━━ DATA FOR PROCESSING ━━

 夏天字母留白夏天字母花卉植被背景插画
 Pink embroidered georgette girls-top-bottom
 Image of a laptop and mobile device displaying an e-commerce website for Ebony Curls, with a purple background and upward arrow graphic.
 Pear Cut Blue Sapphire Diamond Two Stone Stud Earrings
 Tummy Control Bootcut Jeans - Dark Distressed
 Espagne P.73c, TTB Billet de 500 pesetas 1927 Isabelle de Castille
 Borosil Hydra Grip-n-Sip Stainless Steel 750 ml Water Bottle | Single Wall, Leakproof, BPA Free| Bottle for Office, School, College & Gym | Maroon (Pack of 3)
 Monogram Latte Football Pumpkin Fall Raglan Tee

━━━

[WHAT THE EXERCISE ASKS] Print every line from the one that contains "Pink embroidered georgette girls-top-bottom" to the end of the records, exactly as written, and nothing more.

[TASK SOLUTION]
 Pink embroidered georgette girls-top-bottom
 Image of a laptop and mobile device displaying an e-commerce website for Ebony Curls, with a purple background and upward arrow graphic.
 Pear Cut Blue Sapphire Diamond Two Stone Stud Earrings
 Tummy Control Bootcut Jeans - Dark Distressed
 Espagne P.73c, TTB Billet de 500 pesetas 1927 Isabelle de Castille
 Borosil Hydra Grip-n-Sip Stainless Steel 750 ml Water Bottle | Single Wall, Leakproof, BPA Free| Bottle for Office, School, College & Gym | Maroon (Pack of 3)
 Monogram Latte Football Pumpkin Fall Raglan Tee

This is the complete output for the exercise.